YOUR GOAL: Begin at the line holding "Inner-AROSA (im Schnee) ca. 1935 (GR)" and set down exactly each line through the last one below, omitting pictures. Include nothing else.

SOURCE DATA:

- - -

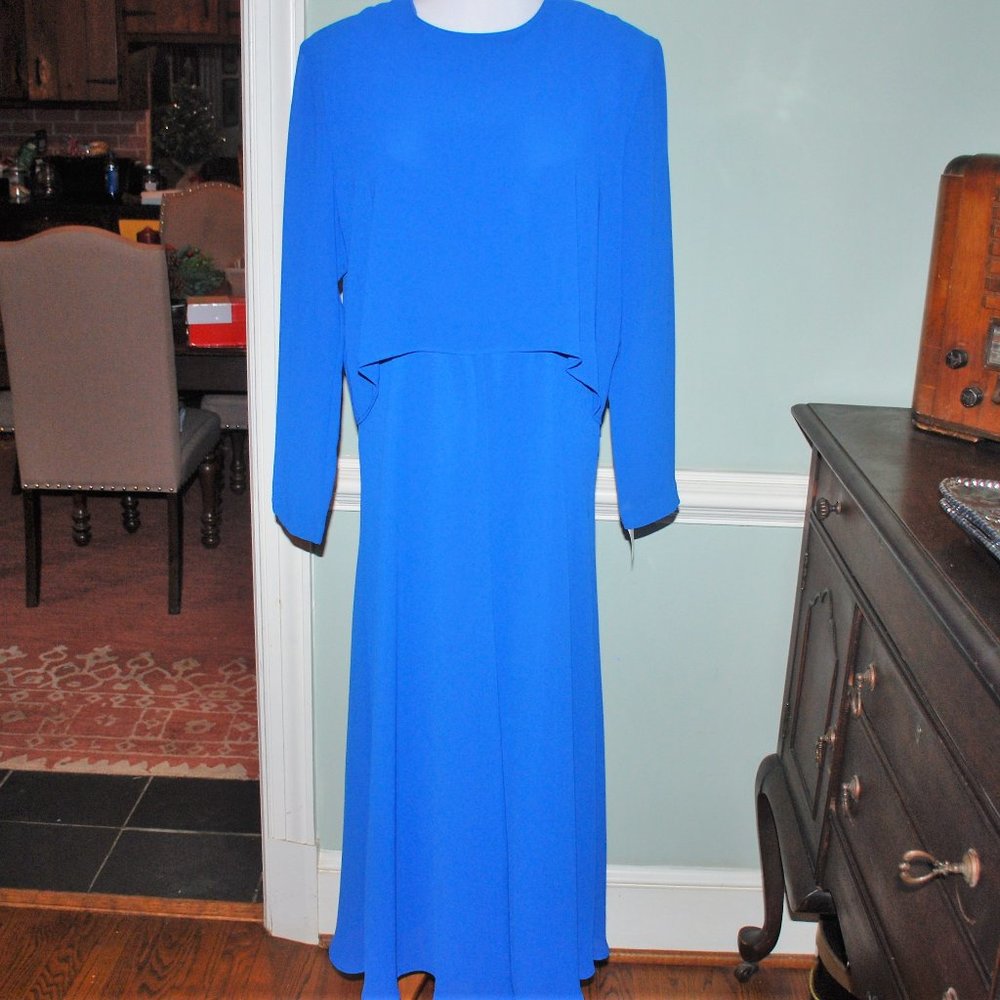 NWT Draper and Damons Formal Blue Flutter Dress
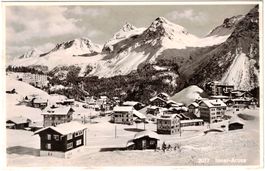 Inner-AROSA (im Schnee) ca. 1935 (GR)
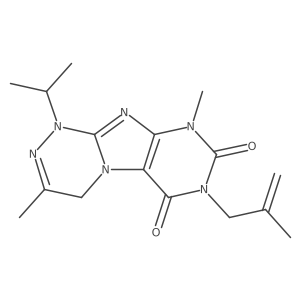 1-isopropyl-3,9-dimethyl-7-(2-methylallyl)-7,9-dihydro-[1,2,4]triazino[3,4-f]purine-6,8(1H,4H)-dione Structure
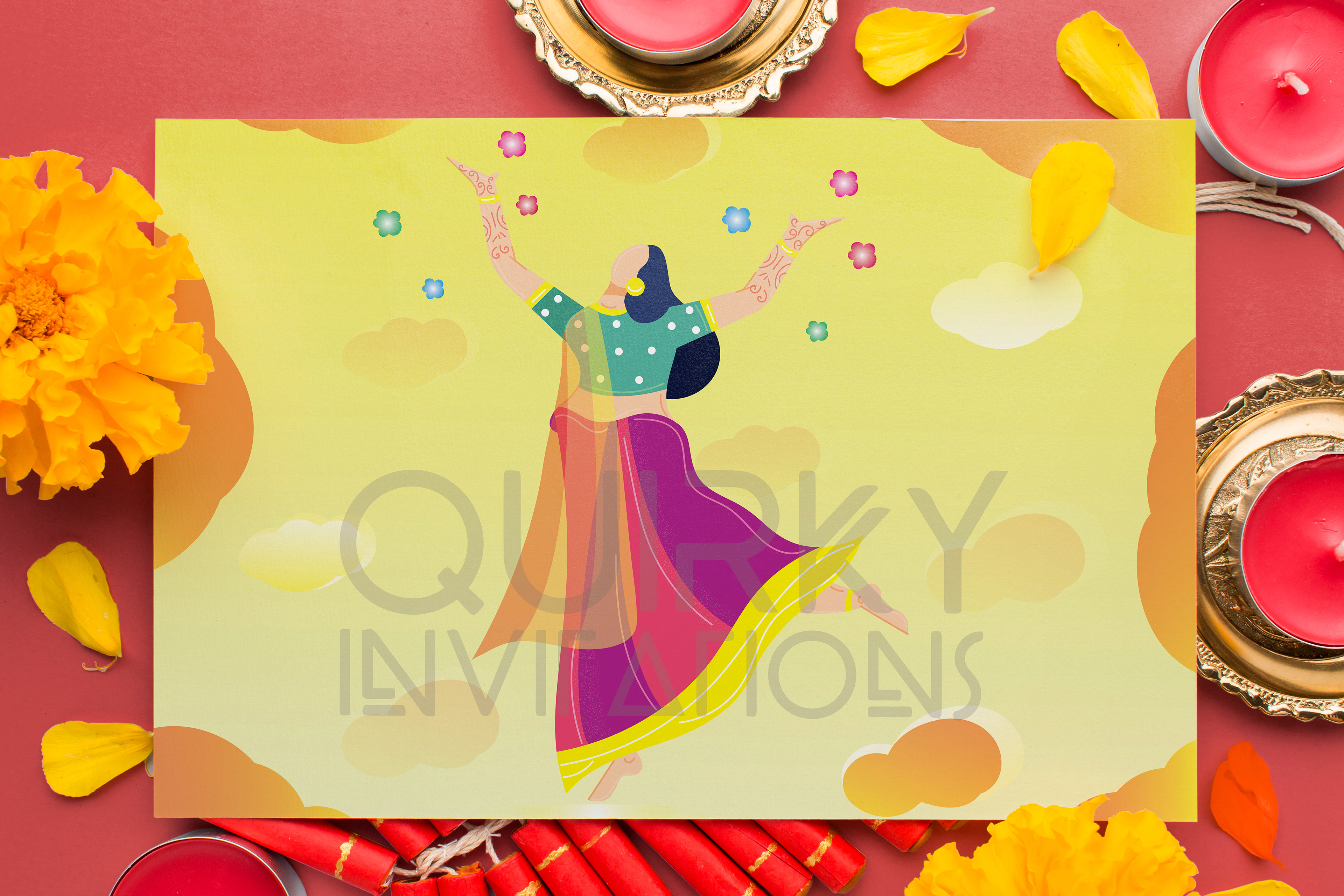 Quirky Indian Wedding Invitations - Dream Invitation Suite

- - -

TASK OUTPUT:
 Inner-AROSA (im Schnee) ca. 1935 (GR)
 1-isopropyl-3,9-dimethyl-7-(2-methylallyl)-7,9-dihydro-[1,2,4]triazino[3,4-f]purine-6,8(1H,4H)-dione Structure
 Quirky Indian Wedding Invitations - Dream Invitation Suite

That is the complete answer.